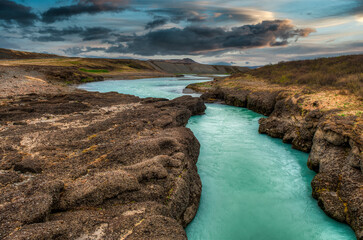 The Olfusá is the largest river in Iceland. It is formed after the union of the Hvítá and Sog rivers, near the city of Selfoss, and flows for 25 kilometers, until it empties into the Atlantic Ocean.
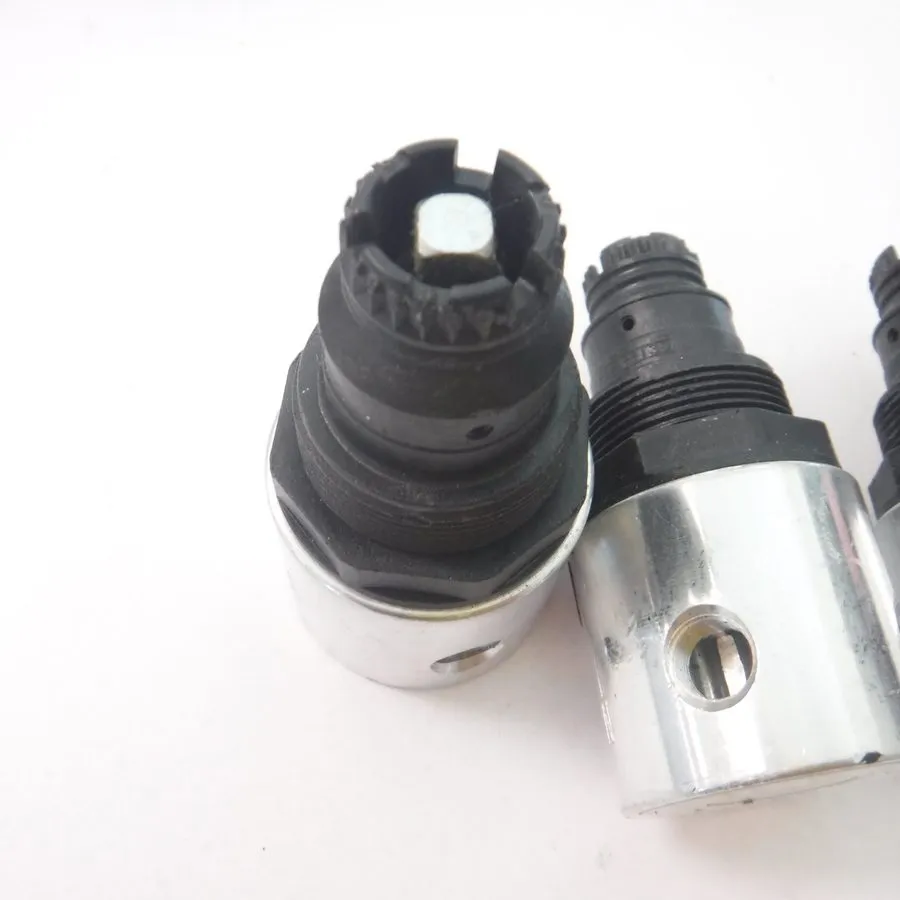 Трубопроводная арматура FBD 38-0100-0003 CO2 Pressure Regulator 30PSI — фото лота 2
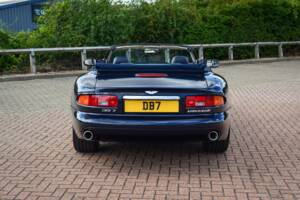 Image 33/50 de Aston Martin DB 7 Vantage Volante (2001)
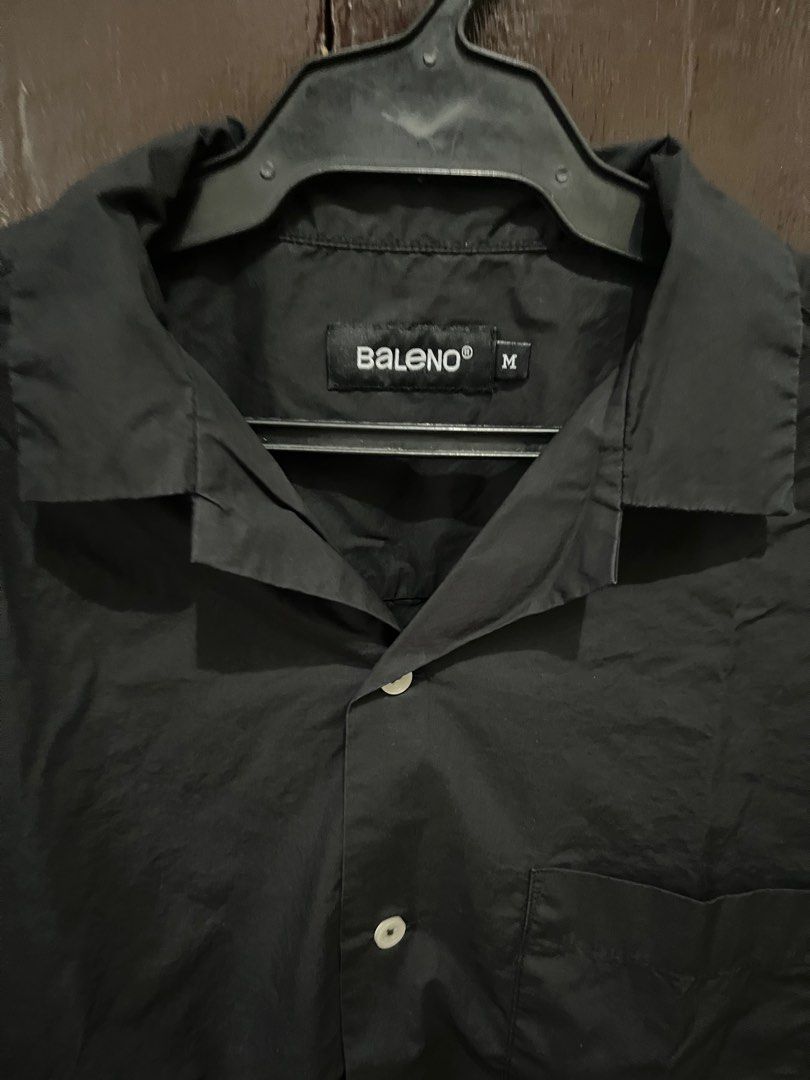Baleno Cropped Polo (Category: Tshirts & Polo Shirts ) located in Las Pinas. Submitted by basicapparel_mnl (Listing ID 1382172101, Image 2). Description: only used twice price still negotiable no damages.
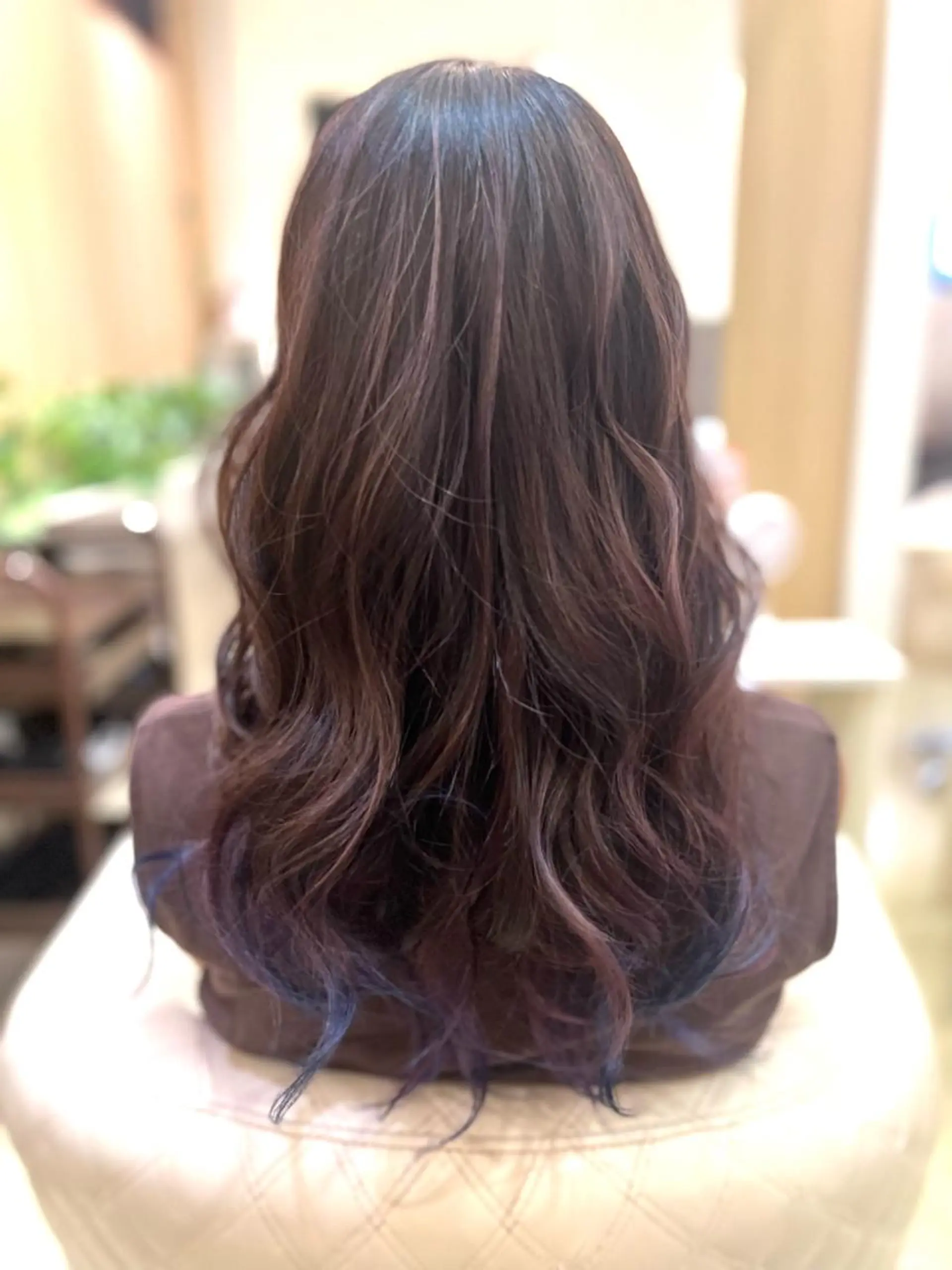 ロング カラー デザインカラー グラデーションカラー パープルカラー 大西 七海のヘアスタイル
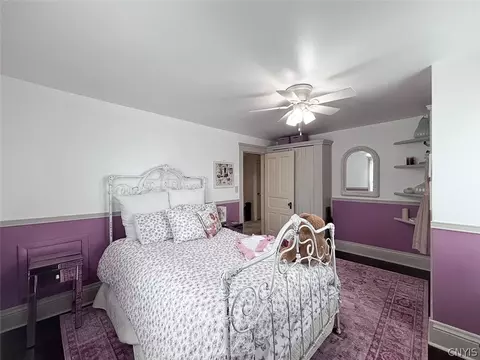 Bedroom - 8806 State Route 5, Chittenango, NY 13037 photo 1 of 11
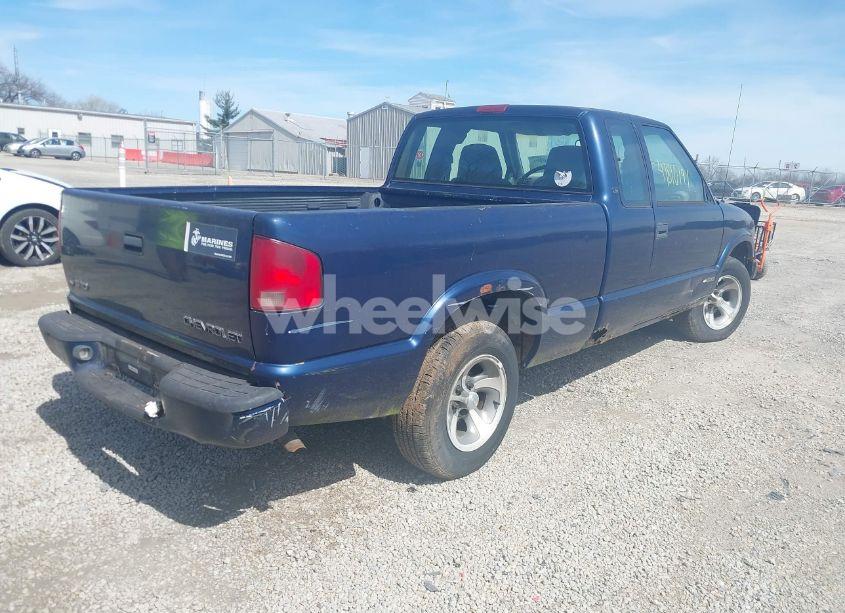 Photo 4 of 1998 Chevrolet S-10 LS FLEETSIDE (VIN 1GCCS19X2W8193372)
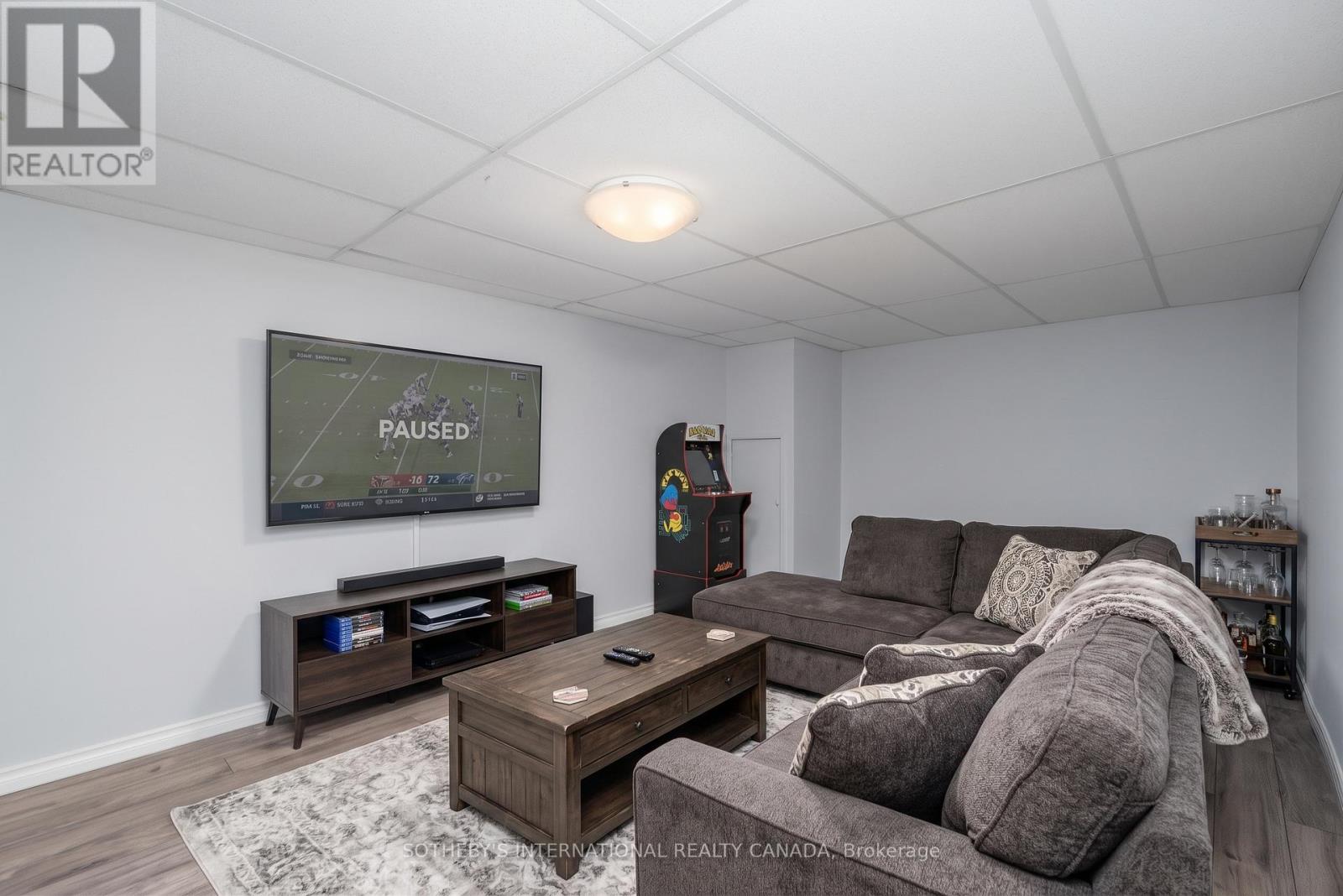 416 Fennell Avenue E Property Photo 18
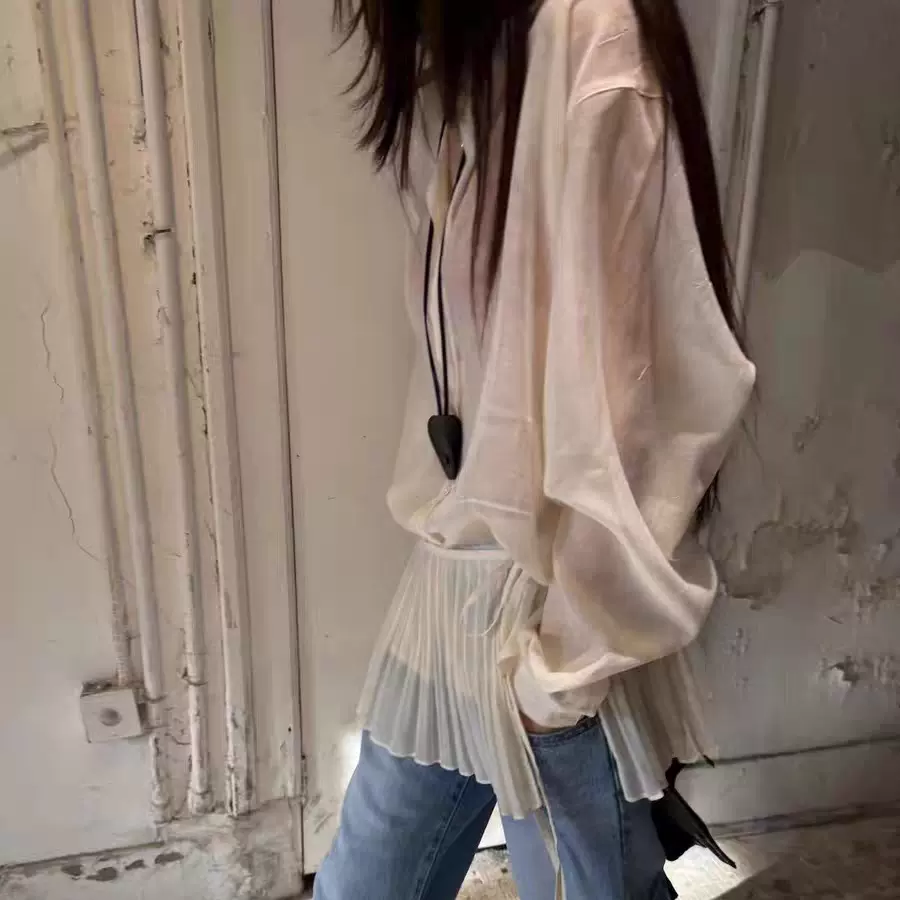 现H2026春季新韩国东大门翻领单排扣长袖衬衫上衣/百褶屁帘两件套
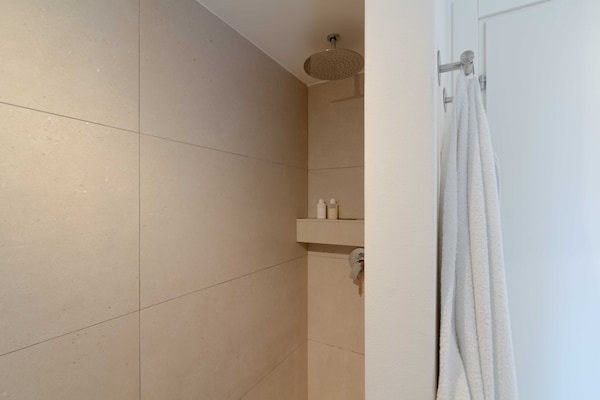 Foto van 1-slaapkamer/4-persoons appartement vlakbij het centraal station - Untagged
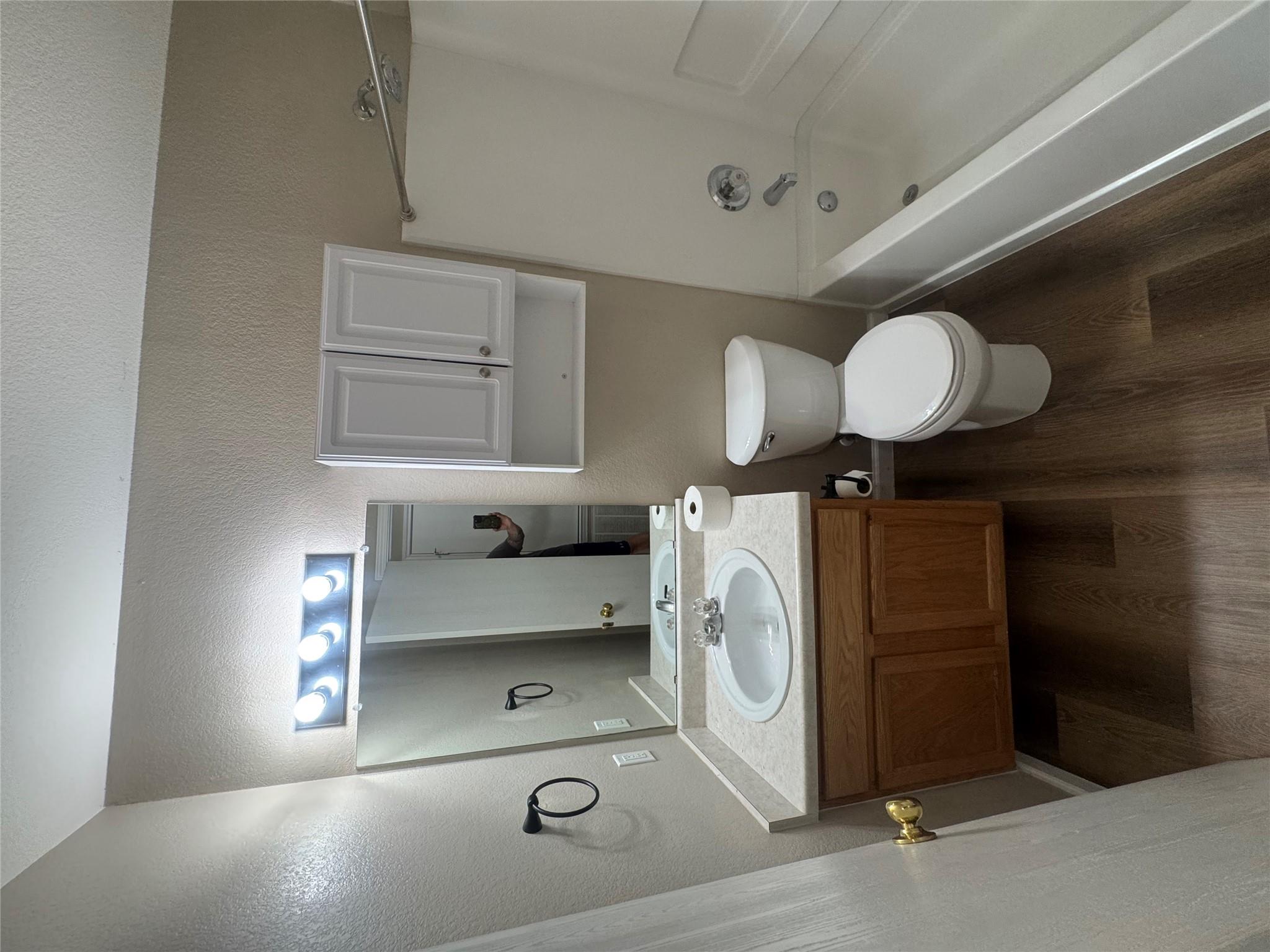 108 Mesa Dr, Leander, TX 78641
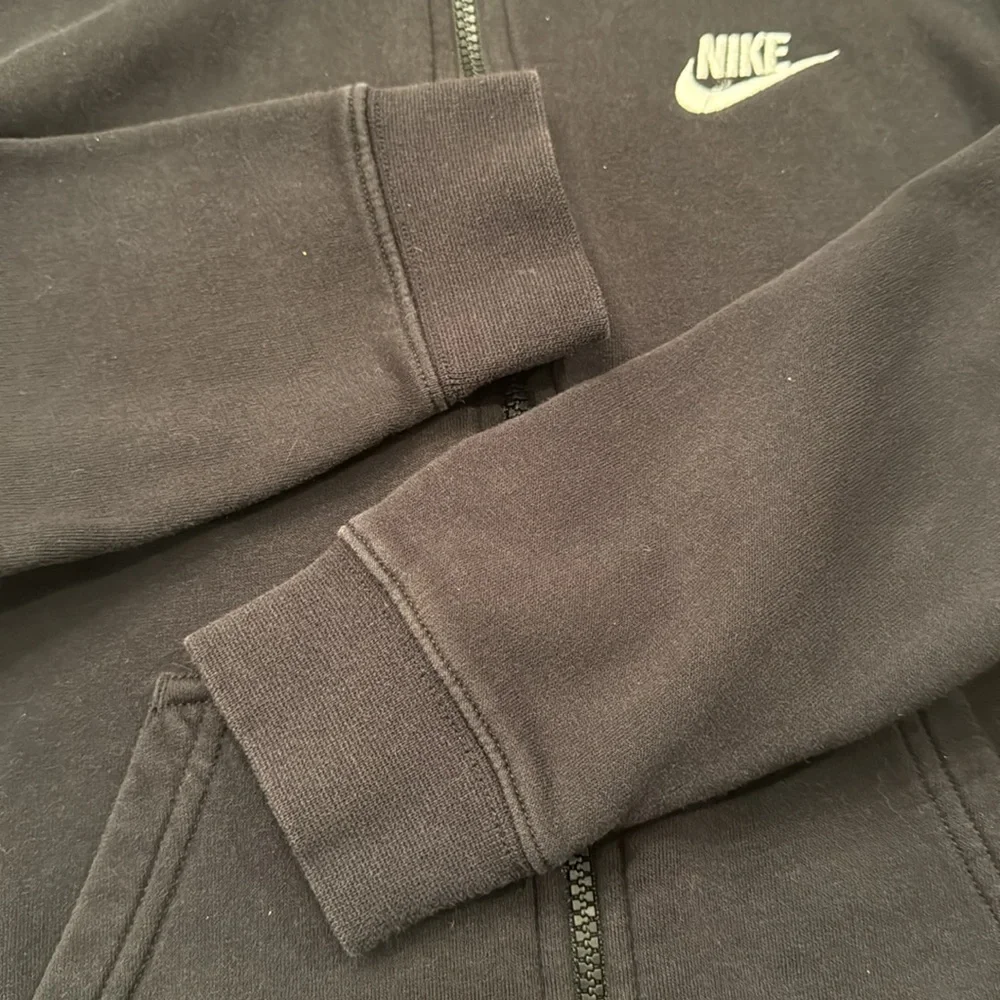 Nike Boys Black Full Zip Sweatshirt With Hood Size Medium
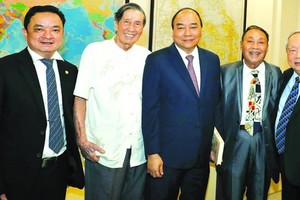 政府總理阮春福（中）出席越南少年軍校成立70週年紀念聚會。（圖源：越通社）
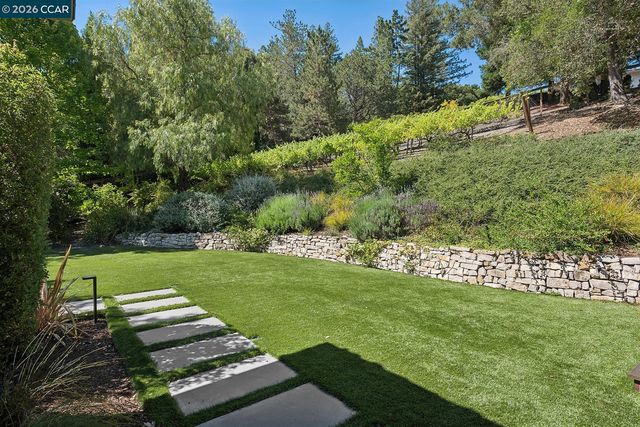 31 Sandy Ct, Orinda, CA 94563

--------------------------------

- **Work order**: Starting at the line with "108 Mesa Dr, Leander, TX 78641", write out every line exactly through the final line of the records above, both included, and skip the pictures.

- **Answer area**:
 108 Mesa Dr, Leander, TX 78641
 Nike Boys Black Full Zip Sweatshirt With Hood Size Medium
 政府總理阮春福（中）出席越南少年軍校成立70週年紀念聚會。（圖源：越通社）
 31 Sandy Ct, Orinda, CA 94563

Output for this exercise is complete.